=== INPUT MATERIAL ===

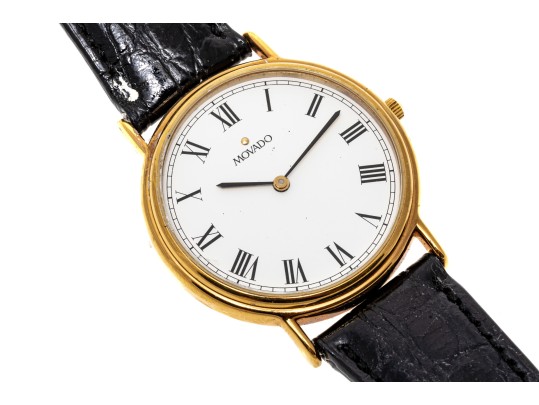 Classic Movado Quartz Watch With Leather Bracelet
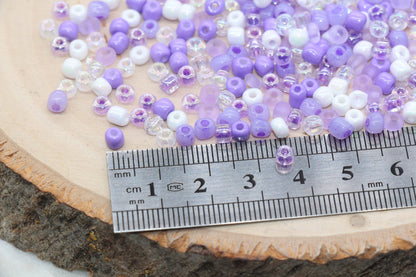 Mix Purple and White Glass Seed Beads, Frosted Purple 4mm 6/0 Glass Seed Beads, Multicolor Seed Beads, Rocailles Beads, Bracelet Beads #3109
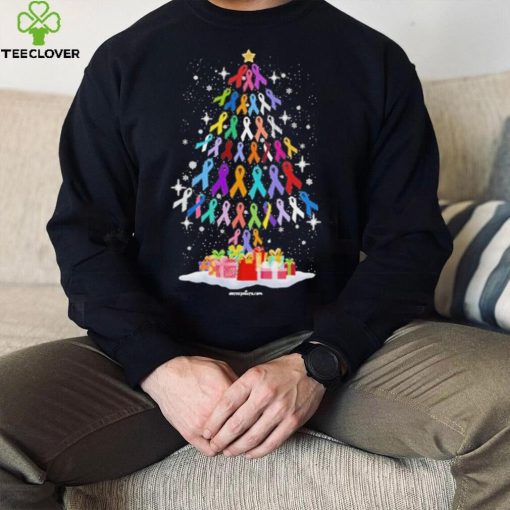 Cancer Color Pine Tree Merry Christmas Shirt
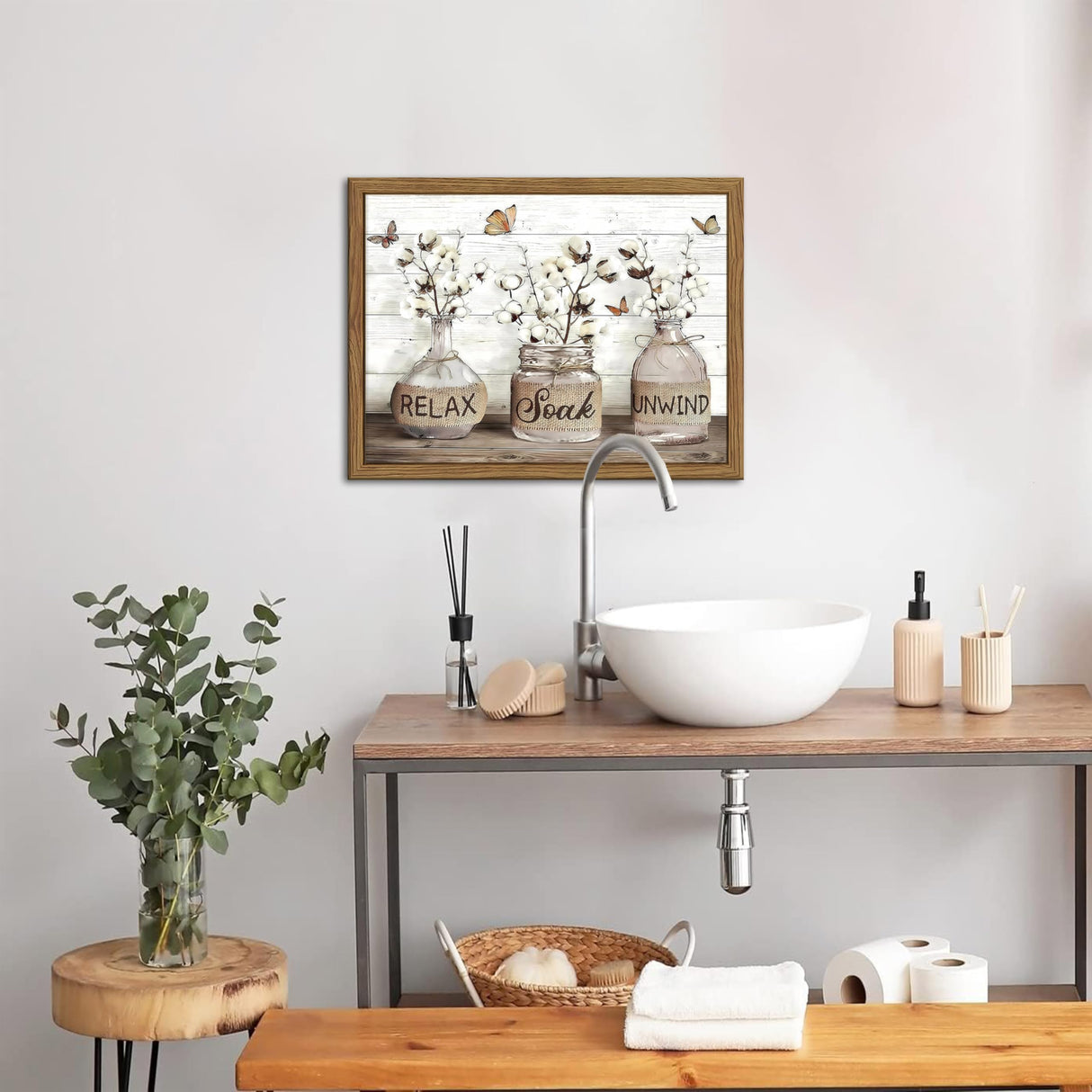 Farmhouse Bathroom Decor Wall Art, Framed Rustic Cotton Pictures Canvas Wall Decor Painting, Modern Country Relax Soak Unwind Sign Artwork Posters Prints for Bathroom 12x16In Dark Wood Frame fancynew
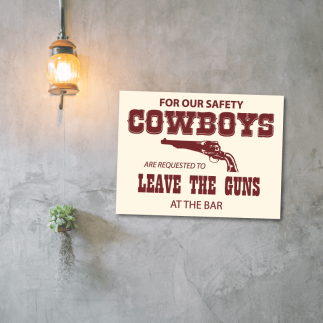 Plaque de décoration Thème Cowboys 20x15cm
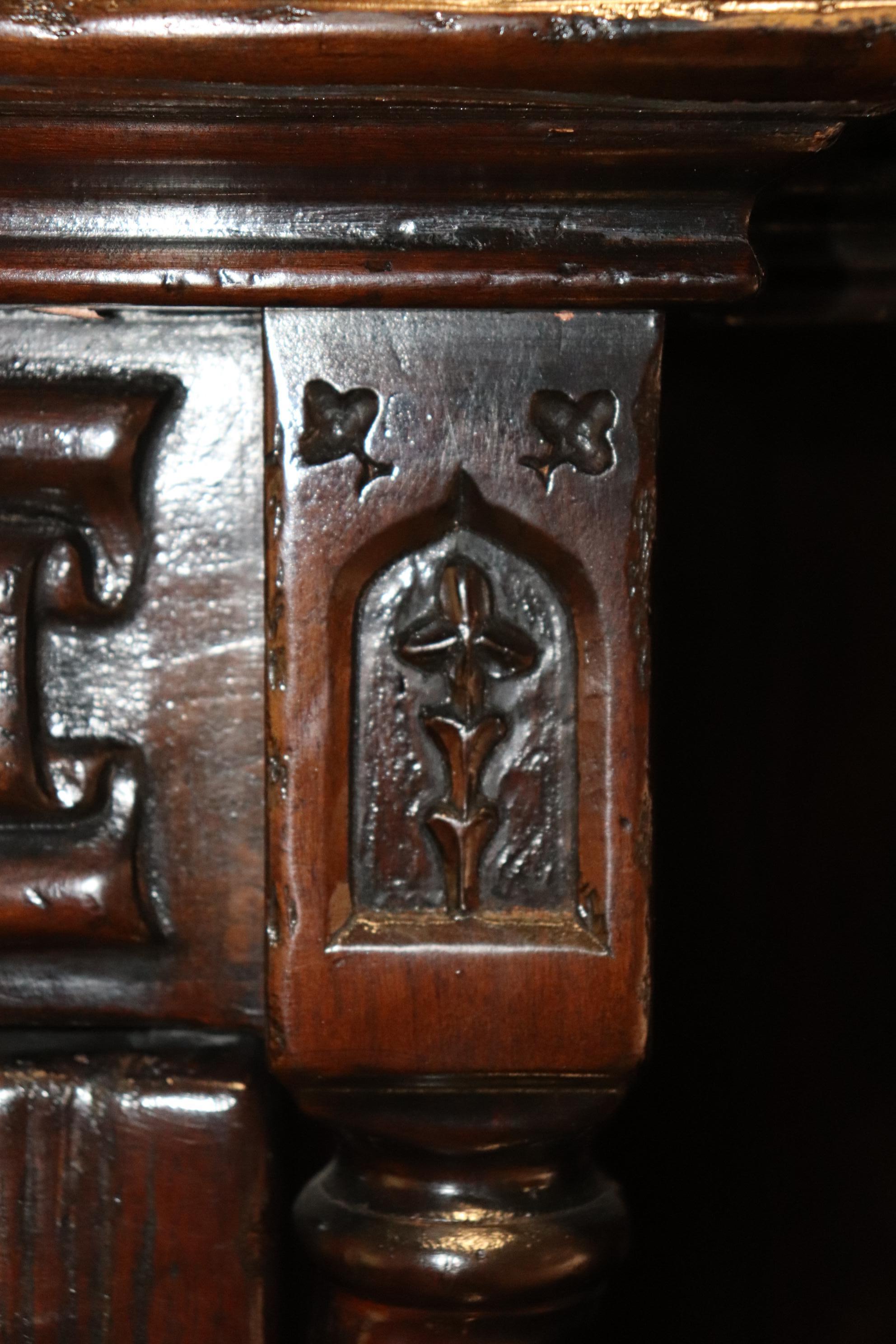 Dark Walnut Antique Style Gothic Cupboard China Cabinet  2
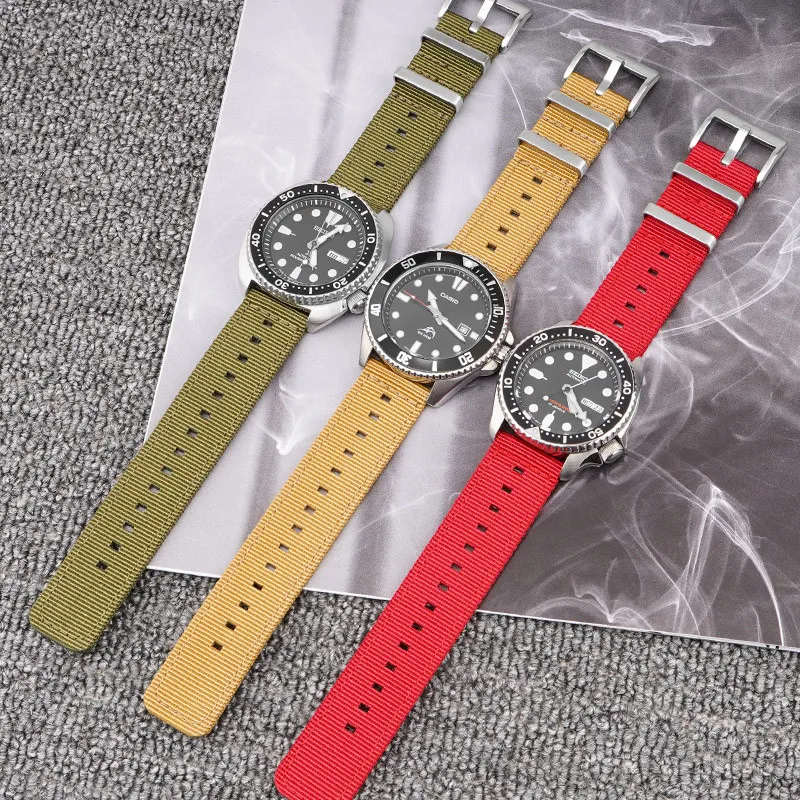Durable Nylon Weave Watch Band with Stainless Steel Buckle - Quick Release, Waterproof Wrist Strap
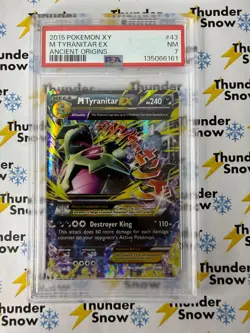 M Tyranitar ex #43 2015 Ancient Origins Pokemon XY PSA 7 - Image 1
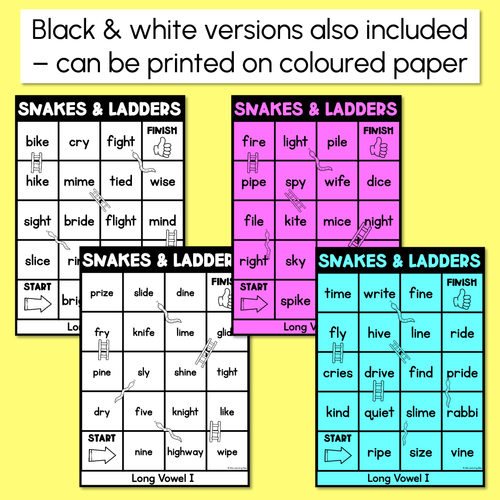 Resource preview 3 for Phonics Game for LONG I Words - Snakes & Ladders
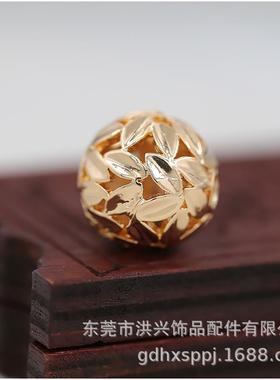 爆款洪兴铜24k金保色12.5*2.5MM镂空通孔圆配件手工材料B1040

===

» **WHAT YOU SHOULD DO**: With the pictures removed, write the listing out word for word.

» **RESPONSE FOR THIS EXERCISE**:
 Classic Movado Quartz Watch With Leather Bracelet
 Mix Purple and White Glass Seed Beads, Frosted Purple 4mm 6/0 Glass Seed Beads, Multicolor Seed Beads, Rocailles Beads, Bracelet Beads #3109
 Cancer Color Pine Tree Merry Christmas Shirt
 Farmhouse Bathroom Decor Wall Art, Framed Rustic Cotton Pictures Canvas Wall Decor Painting, Modern Country Relax Soak Unwind Sign Artwork Posters Prints for Bathroom 12x16In Dark Wood Frame fancynew
 Plaque de décoration Thème Cowboys 20x15cm
 Dark Walnut Antique Style Gothic Cupboard China Cabinet  2
Durable Nylon Weave Watch Band with Stainless Steel Buckle - Quick Release, Waterproof Wrist Strap
 M Tyranitar ex #43 2015 Ancient Origins Pokemon XY PSA 7 - Image 1
 Resource preview 3 for Phonics Game for LONG I Words - Snakes & Ladders
 爆款洪兴铜24k金保色12.5*2.5MM镂空通孔圆配件手工材料B1040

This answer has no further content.